"""

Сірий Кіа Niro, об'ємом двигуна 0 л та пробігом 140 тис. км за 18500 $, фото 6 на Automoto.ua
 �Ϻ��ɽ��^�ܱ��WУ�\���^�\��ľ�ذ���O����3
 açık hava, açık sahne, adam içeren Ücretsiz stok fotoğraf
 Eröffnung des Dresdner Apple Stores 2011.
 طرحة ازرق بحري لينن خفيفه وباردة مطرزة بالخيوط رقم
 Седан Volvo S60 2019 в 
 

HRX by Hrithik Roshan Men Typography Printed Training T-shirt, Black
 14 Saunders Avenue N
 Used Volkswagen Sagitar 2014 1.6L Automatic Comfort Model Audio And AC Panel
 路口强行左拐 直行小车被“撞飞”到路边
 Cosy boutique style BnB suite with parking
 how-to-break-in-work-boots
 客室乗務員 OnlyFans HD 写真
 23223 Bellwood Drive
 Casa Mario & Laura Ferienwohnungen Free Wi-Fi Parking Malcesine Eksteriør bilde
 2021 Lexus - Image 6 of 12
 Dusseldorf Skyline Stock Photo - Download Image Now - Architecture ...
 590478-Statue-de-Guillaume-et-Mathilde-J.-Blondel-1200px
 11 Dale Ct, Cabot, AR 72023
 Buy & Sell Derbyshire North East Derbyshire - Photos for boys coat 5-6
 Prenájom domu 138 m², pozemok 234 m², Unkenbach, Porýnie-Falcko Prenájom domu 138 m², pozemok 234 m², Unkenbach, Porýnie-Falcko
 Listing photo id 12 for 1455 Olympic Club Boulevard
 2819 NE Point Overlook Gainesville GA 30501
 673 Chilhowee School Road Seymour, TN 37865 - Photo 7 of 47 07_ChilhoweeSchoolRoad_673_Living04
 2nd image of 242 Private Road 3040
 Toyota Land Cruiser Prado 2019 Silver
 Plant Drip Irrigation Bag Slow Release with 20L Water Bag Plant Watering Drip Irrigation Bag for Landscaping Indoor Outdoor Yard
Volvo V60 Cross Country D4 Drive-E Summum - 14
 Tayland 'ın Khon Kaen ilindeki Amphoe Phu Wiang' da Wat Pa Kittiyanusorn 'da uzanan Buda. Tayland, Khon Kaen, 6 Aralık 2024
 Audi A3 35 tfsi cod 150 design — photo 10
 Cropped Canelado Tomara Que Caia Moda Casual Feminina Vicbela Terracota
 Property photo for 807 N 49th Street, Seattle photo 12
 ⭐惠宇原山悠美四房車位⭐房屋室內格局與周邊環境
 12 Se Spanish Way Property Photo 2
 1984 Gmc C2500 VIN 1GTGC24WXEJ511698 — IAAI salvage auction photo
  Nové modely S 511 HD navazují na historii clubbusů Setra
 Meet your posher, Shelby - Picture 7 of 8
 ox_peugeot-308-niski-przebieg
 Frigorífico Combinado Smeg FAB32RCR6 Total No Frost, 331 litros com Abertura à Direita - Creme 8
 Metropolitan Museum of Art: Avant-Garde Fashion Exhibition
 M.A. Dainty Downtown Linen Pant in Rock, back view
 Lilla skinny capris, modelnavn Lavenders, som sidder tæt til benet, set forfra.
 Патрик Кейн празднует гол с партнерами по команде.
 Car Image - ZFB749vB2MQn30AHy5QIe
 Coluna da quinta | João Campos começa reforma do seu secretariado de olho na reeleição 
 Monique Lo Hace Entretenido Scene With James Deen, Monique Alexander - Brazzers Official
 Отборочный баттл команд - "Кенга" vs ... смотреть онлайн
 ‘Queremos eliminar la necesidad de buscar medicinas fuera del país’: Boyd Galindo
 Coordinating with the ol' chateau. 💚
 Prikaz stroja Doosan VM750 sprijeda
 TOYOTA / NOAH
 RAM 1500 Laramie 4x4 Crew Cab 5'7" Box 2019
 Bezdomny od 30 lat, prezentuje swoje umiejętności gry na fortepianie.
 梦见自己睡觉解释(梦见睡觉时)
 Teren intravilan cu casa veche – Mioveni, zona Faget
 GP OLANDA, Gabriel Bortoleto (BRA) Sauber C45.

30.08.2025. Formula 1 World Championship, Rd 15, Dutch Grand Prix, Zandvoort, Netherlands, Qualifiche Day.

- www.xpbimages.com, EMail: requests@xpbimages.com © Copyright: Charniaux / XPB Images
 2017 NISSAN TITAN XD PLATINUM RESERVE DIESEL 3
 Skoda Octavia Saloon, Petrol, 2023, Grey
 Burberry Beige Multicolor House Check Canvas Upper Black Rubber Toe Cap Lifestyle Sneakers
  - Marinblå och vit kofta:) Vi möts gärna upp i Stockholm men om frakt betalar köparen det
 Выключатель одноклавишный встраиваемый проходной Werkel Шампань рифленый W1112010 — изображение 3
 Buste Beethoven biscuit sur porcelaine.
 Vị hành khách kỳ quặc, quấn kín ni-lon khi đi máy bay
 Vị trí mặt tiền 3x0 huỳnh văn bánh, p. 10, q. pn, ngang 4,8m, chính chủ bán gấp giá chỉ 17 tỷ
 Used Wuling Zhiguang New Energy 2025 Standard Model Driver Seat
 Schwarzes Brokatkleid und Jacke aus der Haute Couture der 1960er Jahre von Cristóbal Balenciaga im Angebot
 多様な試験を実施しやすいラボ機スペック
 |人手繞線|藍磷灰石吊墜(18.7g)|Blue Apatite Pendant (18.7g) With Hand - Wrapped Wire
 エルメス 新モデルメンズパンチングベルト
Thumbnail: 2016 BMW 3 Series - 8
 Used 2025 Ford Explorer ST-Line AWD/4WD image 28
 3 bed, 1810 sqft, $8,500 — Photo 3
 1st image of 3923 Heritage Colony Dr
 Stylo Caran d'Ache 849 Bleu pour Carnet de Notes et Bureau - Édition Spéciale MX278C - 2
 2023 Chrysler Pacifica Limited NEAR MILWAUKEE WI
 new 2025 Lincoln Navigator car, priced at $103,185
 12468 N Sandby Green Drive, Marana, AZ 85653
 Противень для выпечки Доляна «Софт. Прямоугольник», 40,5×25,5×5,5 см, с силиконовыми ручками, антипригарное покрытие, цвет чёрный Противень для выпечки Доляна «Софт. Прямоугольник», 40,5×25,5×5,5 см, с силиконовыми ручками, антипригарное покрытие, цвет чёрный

"""

● **Work to complete**: Your task is to extract the lines running from the one with "Выключатель одноклавишный встраиваемый" to the end of the material, inclusive, copying each exactly and adding nothing.

● **Written response**:
 Выключатель одноклавишный встраиваемый проходной Werkel Шампань рифленый W1112010 — изображение 3
 Buste Beethoven biscuit sur porcelaine.
 Vị hành khách kỳ quặc, quấn kín ni-lon khi đi máy bay
 Vị trí mặt tiền 3x0 huỳnh văn bánh, p. 10, q. pn, ngang 4,8m, chính chủ bán gấp giá chỉ 17 tỷ
 Used Wuling Zhiguang New Energy 2025 Standard Model Driver Seat
 Schwarzes Brokatkleid und Jacke aus der Haute Couture der 1960er Jahre von Cristóbal Balenciaga im Angebot
 多様な試験を実施しやすいラボ機スペック
 |人手繞線|藍磷灰石吊墜(18.7g)|Blue Apatite Pendant (18.7g) With Hand - Wrapped Wire
 エルメス 新モデルメンズパンチングベルト
Thumbnail: 2016 BMW 3 Series - 8
 Used 2025 Ford Explorer ST-Line AWD/4WD image 28
 3 bed, 1810 sqft, $8,500 — Photo 3
 1st image of 3923 Heritage Colony Dr
 Stylo Caran d'Ache 849 Bleu pour Carnet de Notes et Bureau - Édition Spéciale MX278C - 2
 2023 Chrysler Pacifica Limited NEAR MILWAUKEE WI
 new 2025 Lincoln Navigator car, priced at $103,185
 12468 N Sandby Green Drive, Marana, AZ 85653
 Противень для выпечки Доляна «Софт. Прямоугольник», 40,5×25,5×5,5 см, с силиконовыми ручками, антипригарное покрытие, цвет чёрный Противень для выпечки Доляна «Софт. Прямоугольник», 40,5×25,5×5,5 см, с силиконовыми ручками, антипригарное покрытие, цвет чёрный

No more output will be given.